Saturday, October 18, 2025

Midwestern World Tour

Felt the love of the Midwest 

We left Chicago at 6 p.m. on a Friday night with plans to make the eight-hour drive to Vermillion, South Dakota. After hundreds of miles down the desolate highways of northern Illinois, we paid a visit to the I-80 World’s Largest Truck Stop. After being served a soup bowl filled with BBQ sauce and reflecting on all the summers I spent at this truck stop as a child, we decided we would not be making it another five hours to South Dakota. We fell asleep in a Quality Inn in Des Moines, Iowa. It felt like something really bad should’ve happened to us there, but there was something kind of comforting about it.

Made it to Vermillion for Little Pour on the Prairie and had the most beautiful time casting iron. It’s the people in this community that embody Midwestern love. I spent years declaring questionable drinking habits and football games as the great pillars of the Midwestern nightmare. I’ve now realized I don’t need to love the Midwest satirically or because it feels like a proper diagnosis. I love it because its people love it without irony. It was always there, but now it feels like a kind of faith I accidentally inherited- a peaceful, absurd hope that keeps this region and its people alive.
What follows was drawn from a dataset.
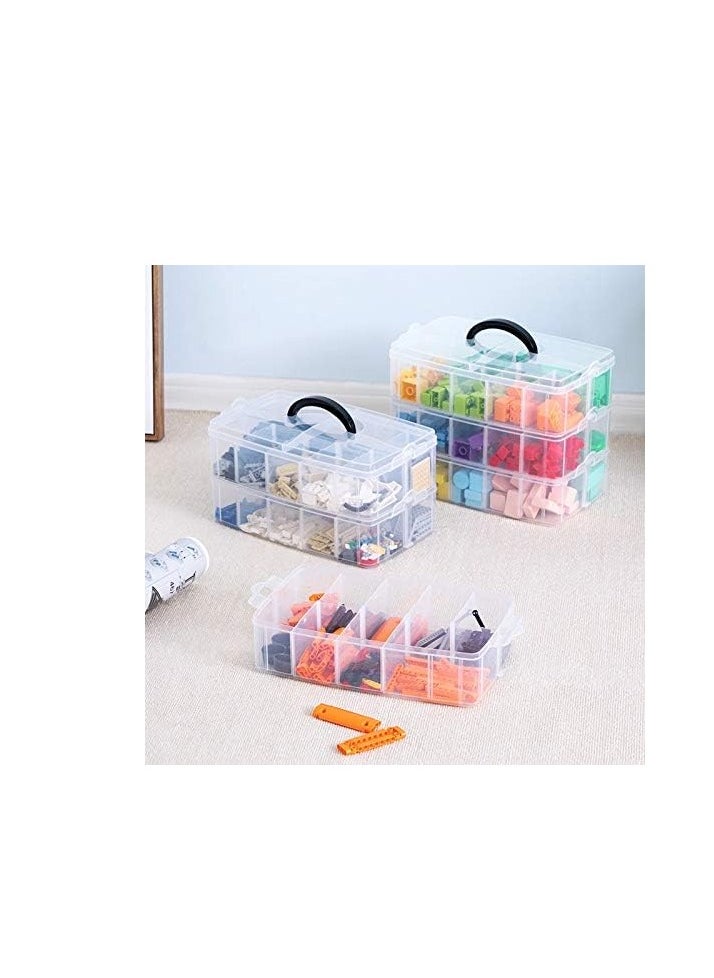 Sooyee 3-Tier Stackable Craft Organizers and Storage Box Plastic with 30 Compartments for Bead, Toys,Dolls, Arts and Craft, Washi Tape, Rock Collection, Ribbons,Clear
The morning after the pour, we were meant to continue our Midwestern tour to Wyoming (which is not in the Midwest, I know, but humor me). After a night of drinking Fireball (scared) and (#?) Modelos over a bonfire that I later found out had a couch in it, we decided to stay for the day. The plan was to swim in the Missouri River and punch fish. Swim we did- fish punching didn’t happen, but that’s probably for the better since some of yall like to go PETA on me. 

We left Vermillion at sunset, soaking wet, covered in river sediment, with a Modelo box filled with clay foraged from the riverbed. The goal was to make it another 8.5-hour drive to north-central Wyoming. We very quickly realized that was not happening and booked a hotel in Rapid City. The Foothills Inn became home that night. Payton fell asleep fully clothed with her sunglasses on.
I know I just spent the past three paragraphs hyping up the Midwest, but I would not wish going 90 mph down I-90 at 3 a.m. on my worst enemy. Truly a haunting drive. But that’s what being 22 is all about, or at least that’s how I justify it.
Anyway, 10/10 for the Foothills Inn: the bathtub was baby blue, and the view of the Black Hills from the room was beautifully garnished with a massive parking lot in the foreground. The maid did try to break into our room well before checkout, but I’ll forgive her, the vibe was unbeatable otherwise.
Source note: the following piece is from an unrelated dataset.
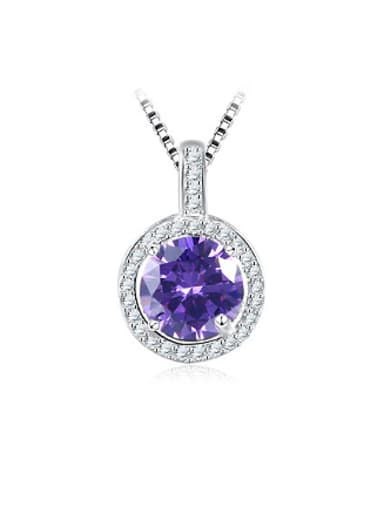 Purple Stone 925 Silver Round Shaped Necklace
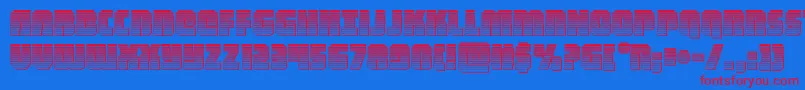 heavyfalconchrome Font – Red Fonts on Blue Background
We finally made it to Wyoming and had the most peaceful three days. Spent every night sitting out with my grandparents, hoping to see the stars, just for clouds to roll in after the moonrise. But it’s okay, all that matters to me is sitting on that porch with my grandparents just as I have my entire life. It is a blessing to not hear anything at all. We harvested wild sage from the top of the mountain to bring home; it conveniently covered the smell of the river clay that sat soaking through the Modelo box in the trunk.

Wyoming wasn’t the last stop on our Midwestern world tour. We left Wyoming at 6 a.m. to drive to Decorah, Iowa, to stay on a friend and mentor, Kelly Ludeking’s, family farm. This time we actually planned for our treacherous drive — made it in a clean fifteen hours. We even bought a vape in Minnesota after spending a perfectly timed 30-minute break in Wall, South Dakota, at Wall Drug to buy a rabbit pelt, bobcat tail, fudge, and seven sticks of palo santo.

Anyway — the farm.
That place is truly an upside-down world in the best way possible.
Kelly and Diane Ludeking have been hosting an annual iron pour on their farm for the past 20 years. Now they’re looking to transform the farm Kelly grew up on into a residency of sorts, an oasis for artists to create their work, with the American heartland as their backdrop.
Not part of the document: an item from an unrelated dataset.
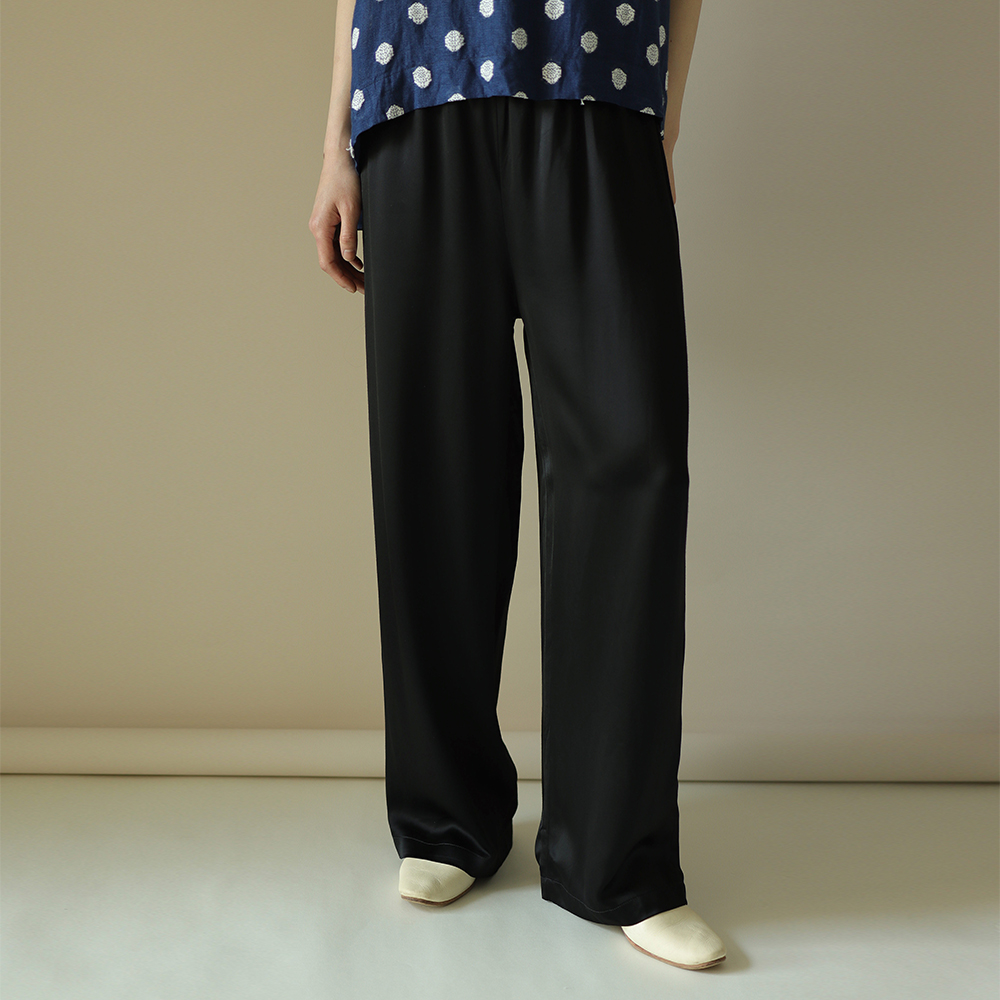 松紧HAOLIAO百搭醋酸松紧阔腿裤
We got to town and went straight to the dive bar (duh). Within an hour, it felt like we’d met half the town. The brewmaster from the local brewery was there with the woman who owns the pie shop... like something out of make-believe Disney movie. Played pool and lost, but it’s okay- I’ll win one day.
It’s the thing about the Midwest that keeps me here: people don’t need to know you long to treat you like family, even if that means distant cousin. They’ll give you a tutorial on how to beat someone up, file your taxes, and designate themselves the driver (while still drinking) in a single sentence. I forget that kind of care still exists until I’m in a dive bar with it again.

The next few days, we went around town, met the rest of the people we missed at the bar the night before. It was like Kirk in Gilmore Girls... everyone seemed to work at every establishment and knew exactly what everyone was up to. Small-town omniscience.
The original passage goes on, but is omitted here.